American military officer (born 1945)

George Peter Nanos Jr. is a retired vice admiral in the United States Navy and former director of the Los Alamos National Laboratory.

==Early life==
Nanos was born in 1945, to a Greek father and an Irish mother. He grew up in Bedford, New Hampshire; though, he attended high school in the adjacent city of Manchester. In 1967, he received his Bachelor of Science in Engineering as a Trident Scholar at the United States Naval Academy. In 1973, he received his PhD in physics from Princeton University.

==Military career==
Nanos served for 35 years in the United States Navy and retired as a vice admiral.

Nanos conducted many tours at sea aboard destroyers and carriers and is credited with the first-time application of systems engineering at the battle group level rather than just at the individual ship level. In 1989 he began ten years with the Navy's strategic programs overseeing the submarine inertial navigation and missile programs. In 1992, he became technical director of strategic system programs and, after promotion to rear admiral, was named director, where he served until 1999. Promoted to vice admiral, he served as the commander, Naval Sea Systems Command where he was responsible for design, development and logistics support for all navy ships and shipboard weapons systems until his retirement.
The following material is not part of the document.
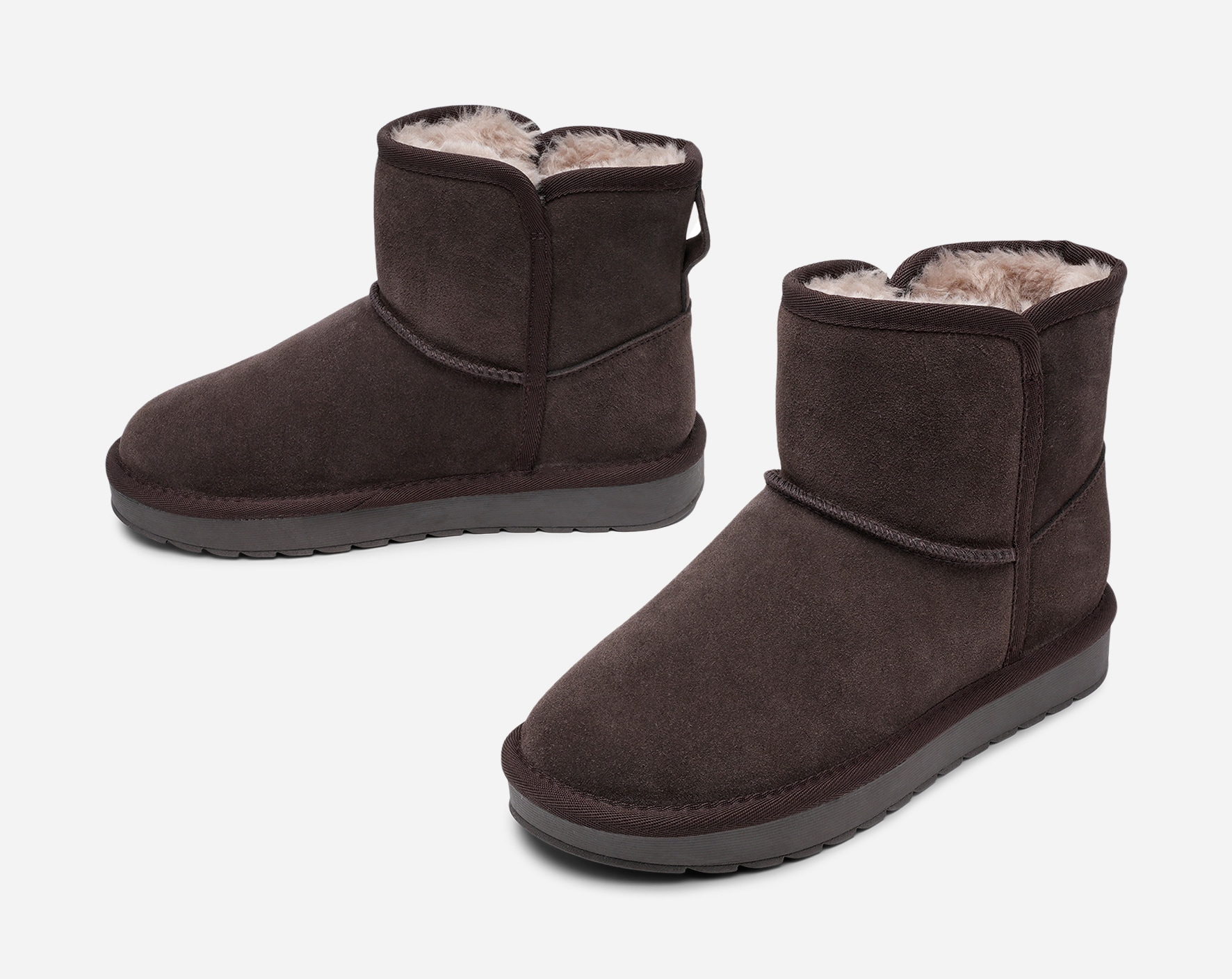 PACE, Varmforet boots Brun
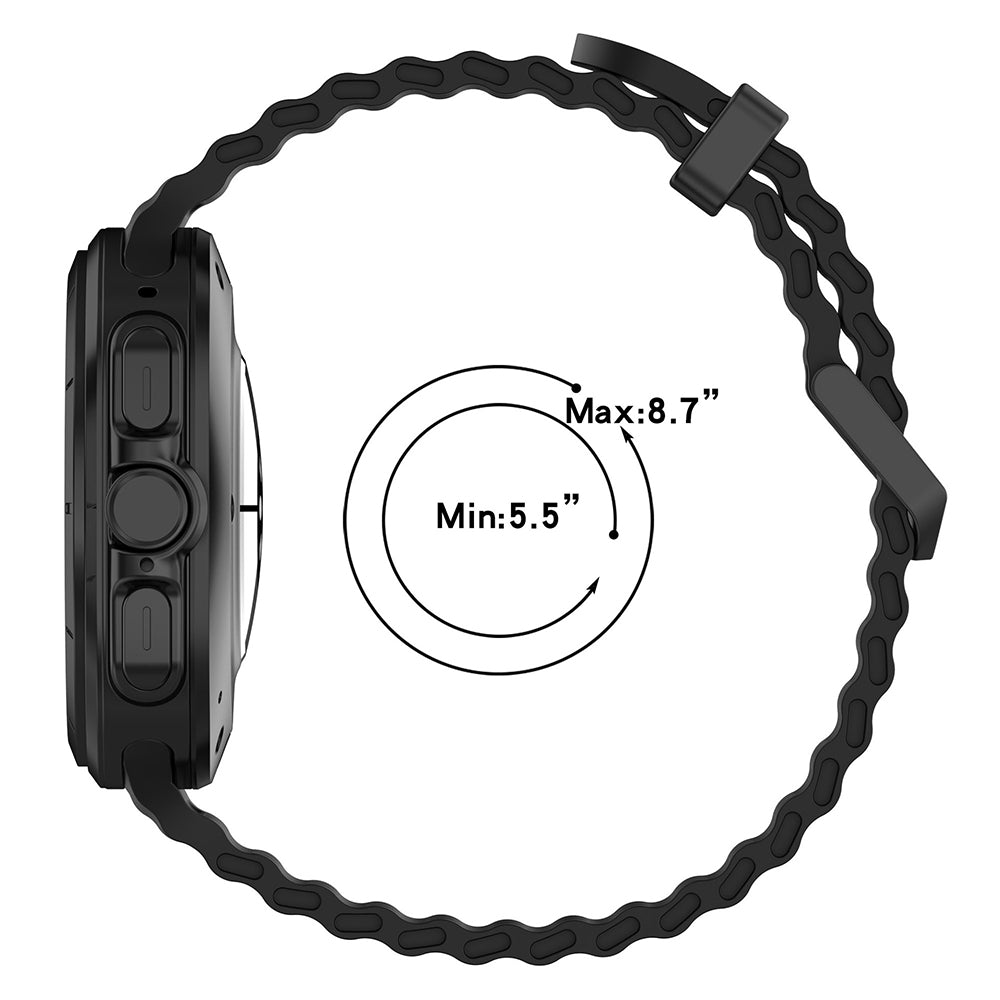 Correa Techsuit W062 para Samsung Galaxy Watch Ultra, Turquesa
In that capacity, he oversaw four nuclear repair shipyards, 10 defense laboratory divisions with more than 20,000 employees and over $23 billion in ship and weapons systems procurements, logistics and repairs.

He was awarded the Navy Distinguished Service Medal, the Legion of Merit (2 awards), the Meritorious Service Medal (5 awards), and
the Navy Achievement Medal.

==Los Alamos National Laboratory==
On January 6, 2003, Nanos began working as the interim director of Los Alamos National Lab. On July 17, 2003, he was named director of the lab.

In May 2004, Nanos ordered an emergency shutdown of operations after classified computer disks were reported missing by a flawed auditing procedure, and a student suffered an eye injury from a laser beam in the same week. "In no case will I authorize a restart until I'm absolutely convinced that each organization will not risk further compromise of safety, security and environment," Nanos said in an internal e-mail. "This willful flouting of the rules must stop, and I don't care how many people I have to fire to make it stop. If you think the rules are silly, if you think compliance is a joke, please resign now and save me the trouble," Nanos added in a separate e-mail to Los Alamos employees. The shutdown was unprecedented in the history of the national laboratory complex, creating severe tensions between him and laboratory employees.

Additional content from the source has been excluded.